# Meet Fluffy the King cobra



## Angi (Nov 12, 2005)

One of Petes more laid back critters, hence the name Fluffy. These were taken from about 1-1.5 metres away from the snake, using my new macro lens, obviously with trained handlers at the snake end


----------



## rogersspider2007 (Apr 2, 2007)

very nice indeed Angie.


----------



## kenneally1 (Feb 17, 2009)

stunning!!!


----------



## Normesby (Dec 27, 2009)

Very nice pics..........you are very talented.


----------



## Jade01 (Feb 21, 2007)

Wow! Stunning snake


----------



## stuartdouglas (Mar 5, 2008)

Very nice, has he got them feeding on defrost yet?


----------



## chondro13 (Aug 18, 2008)

WOW what stunning photos - cant believe how clean that snake is! I assume this one is captive bred?


----------



## I am a scarecrow (Nov 18, 2009)

Beautiful!


----------



## Angi (Nov 12, 2005)

chondro13 said:


> WOW what stunning photos - cant believe how clean that snake is!

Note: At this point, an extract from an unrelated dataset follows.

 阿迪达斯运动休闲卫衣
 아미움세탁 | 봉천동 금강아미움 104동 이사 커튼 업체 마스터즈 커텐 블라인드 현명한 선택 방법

I assume this one is captive bred?


 Nope wild caught I'm afraid.


----------



## Burmese-Miles (Dec 28, 2007)

absolute beauty


----------



## smart1 (Oct 16, 2007)

nice cobra ,but im not sure the name fits


----------



## maffy (Dec 24, 2008)

*shots*

very good. looks like it wants to tag you


----------



## SWMorelia (May 15, 2007)

Nice shots Ang.....
It's hard to decide which one is my favourite....
I may have to steal these off you.... LOL


----------



## Skorps (Nov 23, 2009)

Absolutely Beautiful!
xXx


----------



## Poddy (Sep 6, 2009)

intimidating. "i can kill u all with 1 bite” ha ha 
beatiful none the less


----------



## Patmufc (Dec 10, 2008)

bloody beautiful, very clean


----------



## Maureen Collinson (Oct 6, 2006)

Stunning Angie. 

You do a beautiful snake great justice with your camera skills. :notworthy::no1:

A happy and prosperous New Year is wished for you and Pete, and hope you are both in good health.

Mo. xxxxxxxxxx


----------



## xvickyx (Jul 21, 2009)

WOW what a beautiful snake


----------



## jediwarrior (Aug 30, 2008)

great pics


----------